Great when viewed through rose-colored goggles
The world of Lilly Looking Through is a gorgeous, hand-painted landscape that is more Don Bluth than Disney, a place where fantasy is only the dressing of a personal, human story. Its backdrop is a mechanical, gritty reality juxtaposed with the colorful, fairy tale impression of childhood. In the shoes of young Lilly, players will explore both sides of this setting, using a magical pair of goggles that allow Lilly to see and interact with the alternate version of her current environment.
Lilly’s journey through this world begins as a search for her younger brother, Row, who has been wrapped up and swept away by a piece of red cloth caught in an invisible breeze. The chase takes the form of a minimalistic point-and-click adventure, with no dialogue—save a few shouts from the siblings—or inventory system to manage. Each scene is a self-contained challenge as in Machinariumor The Tiny Bang Story, with Lilly moving ever-onward once she has traversed the current screen.
This means that puzzles in Lilly Looking Through are generally more decipherable than those found in sprawling, multi-location adventures like those by Daedalic. Until the very end of the game, the goal is always to get from one side of the screen to the other, with all the objects and tools required to do so located within the same scene. When a loose on-screen item is needed, it will be picked up by the player and moved to its destination directly without Lilly ever intervening. These interactions save players the frustration of watching Lilly wander around, picking up and attempting to use items futilely, and provide their own satisfying moments of physical interaction, like burning rope or popping bubbles.
Lilly’s tasks, then, are to interact with the anchored objects of the world and transport herself across them when directed. Every area of Lilly Looking Through contains some type of machine that must be tinkered with in order to open a path for our tiny heroine, from water wheels to wagons, pressure plates to boulder-moving levers. Despite being but a small child, Lilly is more than capable of using these simple machines to produce complex results that will help her reach her brother. Instructing her to do so is a heart-warming treat as she inevitably reaches roadblocks that never result in actual failure, but small missteps: bouncing backwards off a bubble, sliding down a boulder she cannot climb, or slipping on ice with a tiny yelp are just a few moments that endear Lilly beyond her already admirable no-hesitation trek to save Row.

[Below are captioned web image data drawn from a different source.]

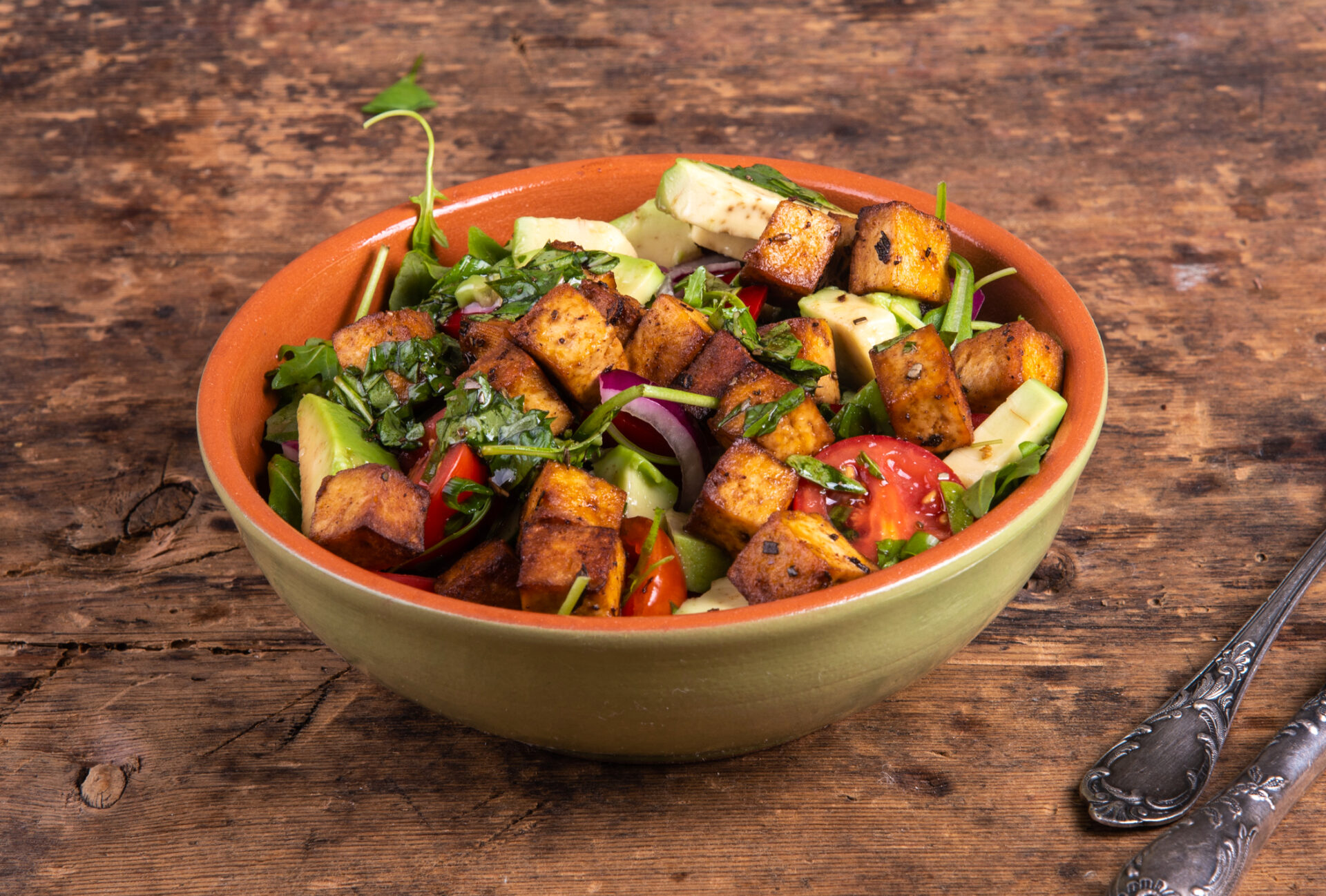 Crispy tofu and avocado salad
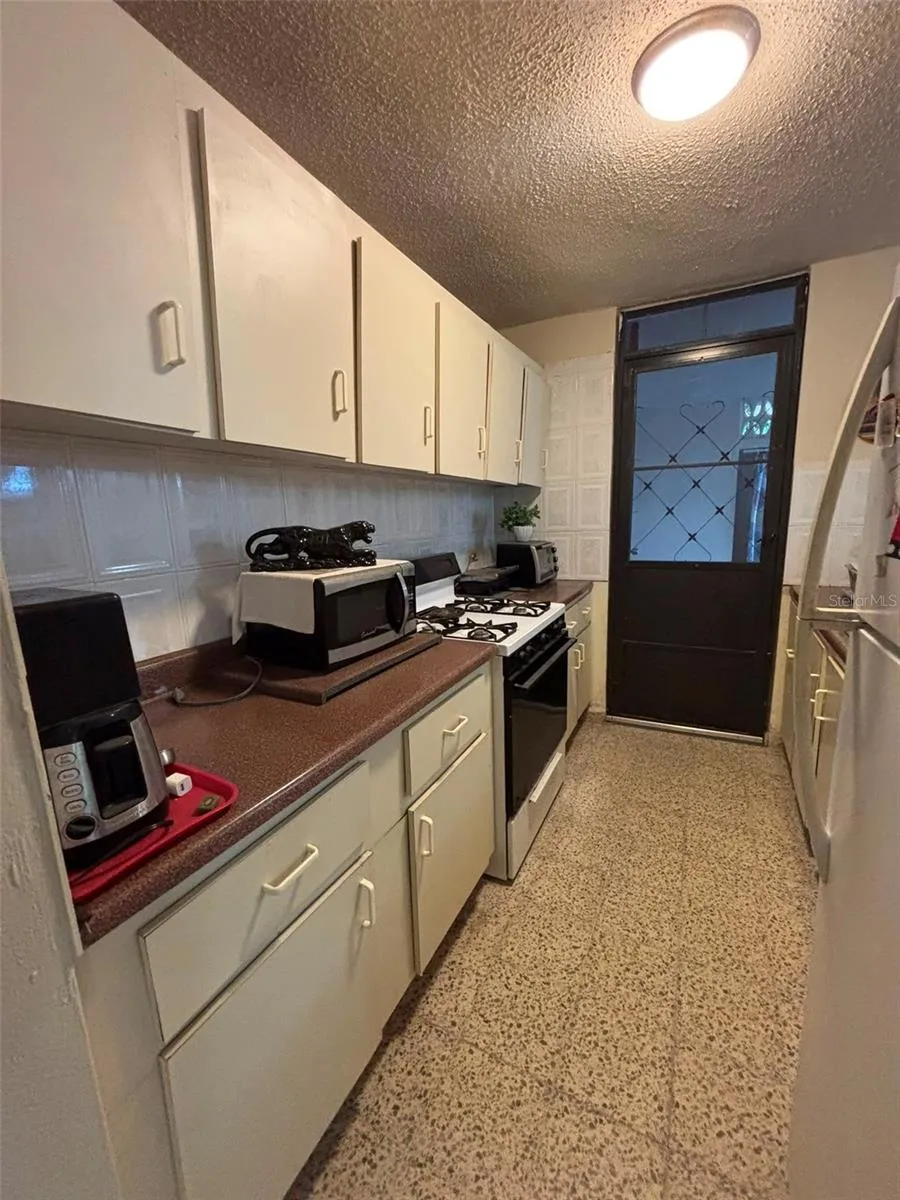 689 Cancer St VENUS GARDENS San Juan, PR 00926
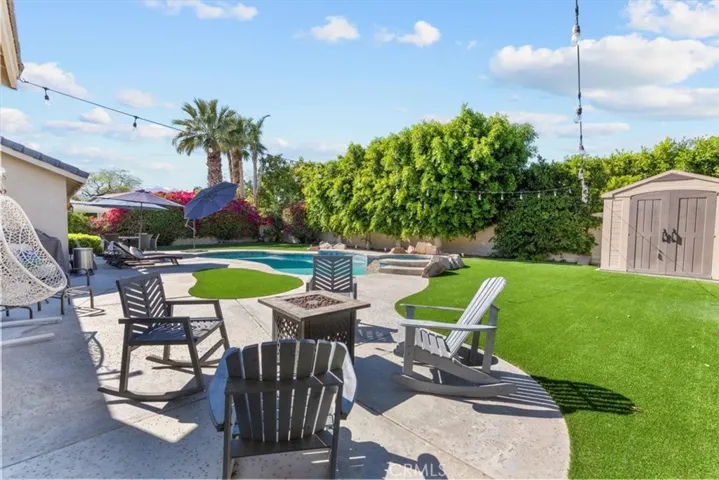 Easy to maintain astroturf and plenty of space to entertain or just enjoy the California sunshine!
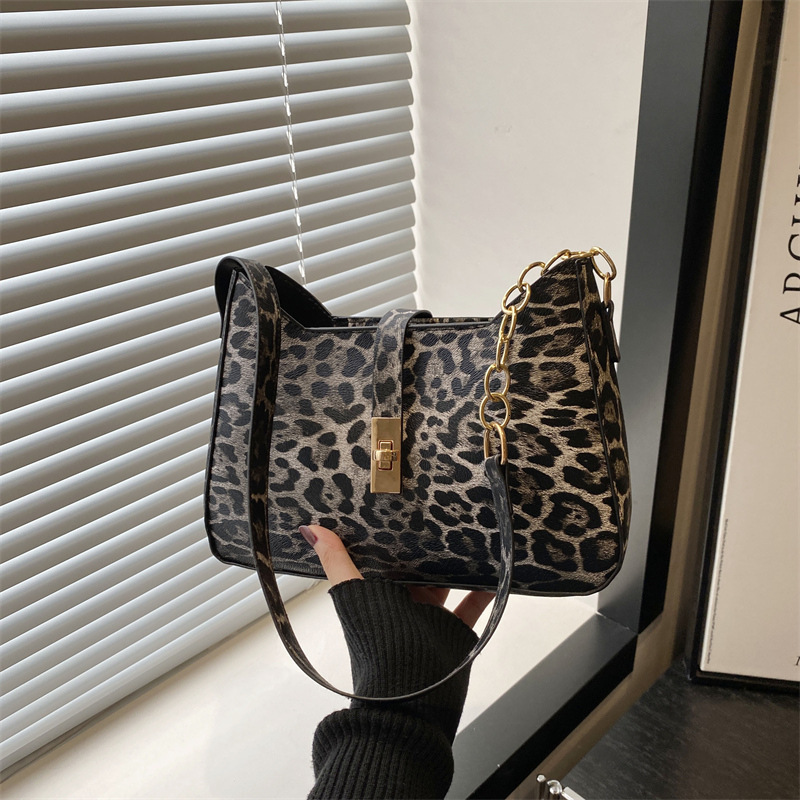 designer Casual Leopard Print Bag for Women 2025 New Fashion Simple Style Trendy Shoulder Underarm Bag Niche Design Crossbody Bag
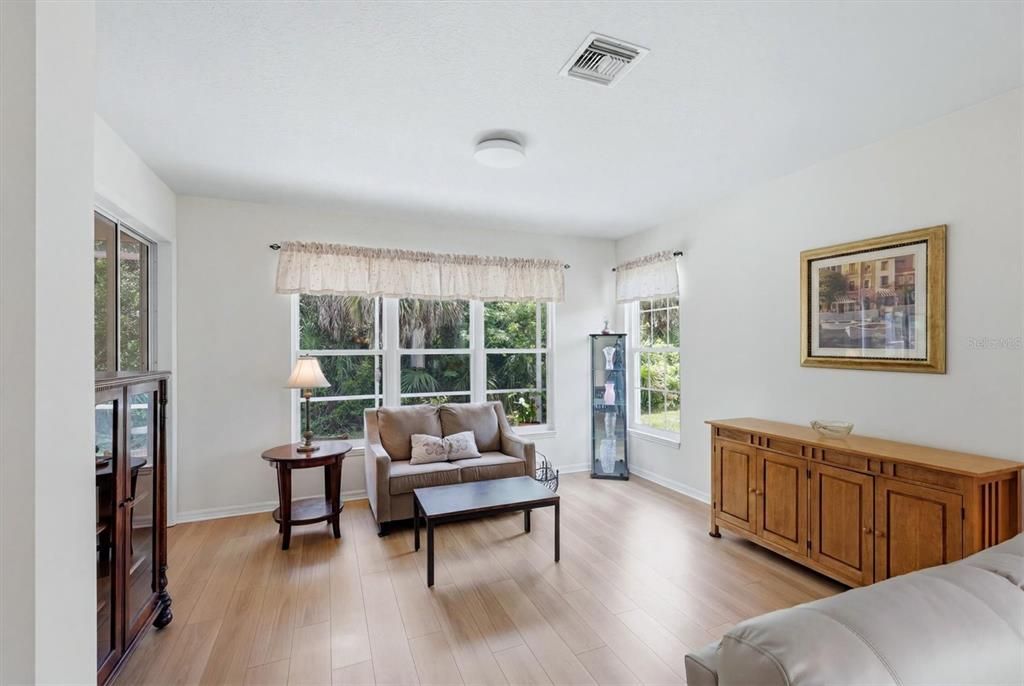 En Venta: $425,000 (3 camas, 2 baños, 1660 Pies cuadrados)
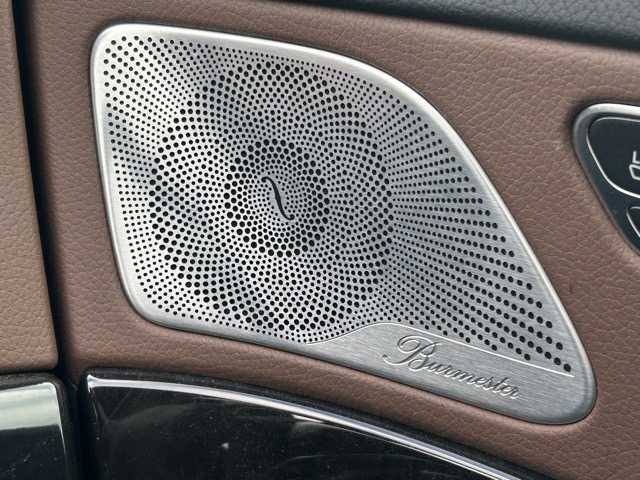 メルセデス・ベンツ Ｓ５５０Ｌ AMGライン 千葉県 2017(平29)年 7万km ダイヤモンドホワイト 純正ナビ/フルセグテレビ/サンルーフ/SD/SD/DVD再生/Bluetooth接続/ブルメスタースピーカー/メディアレジスター/ETC/パノラミックビューモニター/パワーバックドア/ステアリングアシスト/ディストロニックプラス/レーンキープアシスト/コーナーセンサー/全席シートヒーター/全席エアシート/全席パワーシート/全席メモリーシート/電動格納ウィンカーミラー/プッシュスタート/スマートキー/純正アルミホイール/純正フロアマット/取扱説明書/保証書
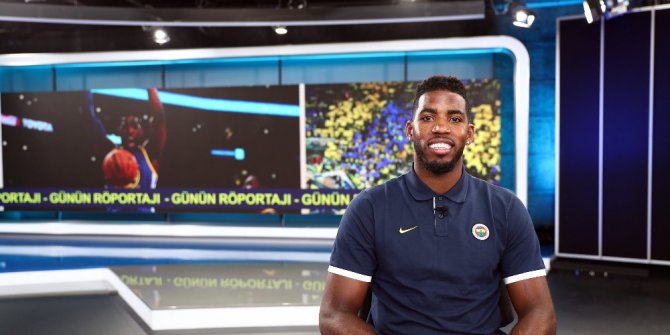 Jason Thompson: "Buradaki hava çok hoşuma gitti"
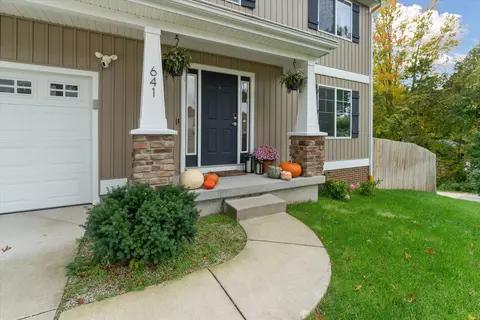 641 Kornoelje Dr NE, Comstock Park, MI 49321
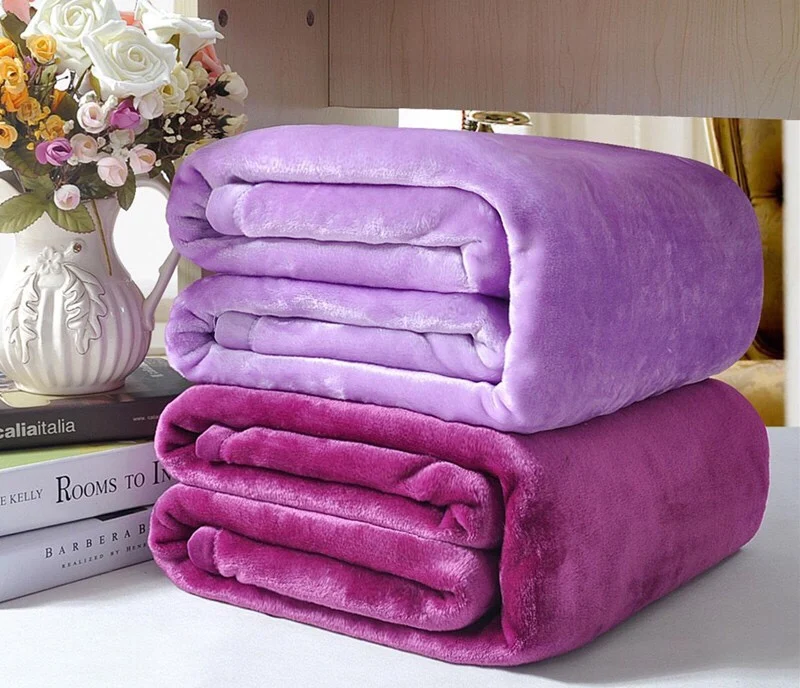 RTS Cheap Price Warmer Blanket 70*100CM Custom Solid 230gsm Other Throw Fleece Flannel Blankets for winter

Equally charming is Lilly’s other primary method of puzzle-solving: slipping on a pair of aviator goggles that allow her to enter a world parallel to the scene she’s standing in. Lilly’s “looking-through” world—whether it’s an actual alternate reality or merely her imagination—is very real to her, and she is able to interact with it just like the normal world she inhabits. Much of the looking-through world is bright and calm, with constant sunlight and lush vegetation: a fantasy world when compared to the cooler, duller, and often disarrayed other half of each scene. The most rewarding puzzles in Lilly Looking Through come from the ingenious merging of these dual realities. Simple moments may require players to merely enter a door that is blocked in the other, while the best utilize active changes that Lilly causes between the two, like growing a tree that she can climb or changing worlds mid-jump to reach a previously inaccessible area.
The problem is that these superb moments are few. Part of this is due to Lilly Looking Through‘s exceptionally short length, exacerbated by an abrupt cliffhanger ending with no indication that this is only part one of a series. With only ten challenges—17 if you generously count each “looking-through” scene separately—even if every puzzle was top-notch, the game would feel lacking.
And, unfortunately, they’re not. Lilly‘s puzzles range from overly linear and too-easy near the beginning to painfully obtuse and nonsensical near the end. A late-game puzzle requires you to change the color of a room by ringing color-dispensing bells. Why this is the solution, why the required color is required, or even what this has to do with anything in the game is unknown, and figuring out any of these aspects of the puzzle is an effort in sheer guesswork. Even some of Lilly‘s easier puzzles fall victim to this obtuseness: the machines needed to reach a goal are obviously critical, but figuring out what and how they are used requires testing out their actions and often receiving little feedback on what was actually accomplished. This also means watching Lilly climb up, pull down, step on, and other actions that—while adorable—become tiresome after the tenth time of sitting through her non-skippable animations.
The middle third of Lilly‘s puzzles are magical, though, and match the enchanting atmosphere and inventive mechanics that Geeta Games has created. Alternating between the two starkly different worlds to achieve the previously unachievable is surprising and rewarding, while Lilly herself is an endearingly likeable, if not overly quiet protagonist. If the rest of the game’s challenges and experiences lived up to—and felt as finished—as its strongest moments, Lilly Looking Through could be a tale worth telling through time. As it stands, it’s worth experiencing briefly before shelving for something more substantial.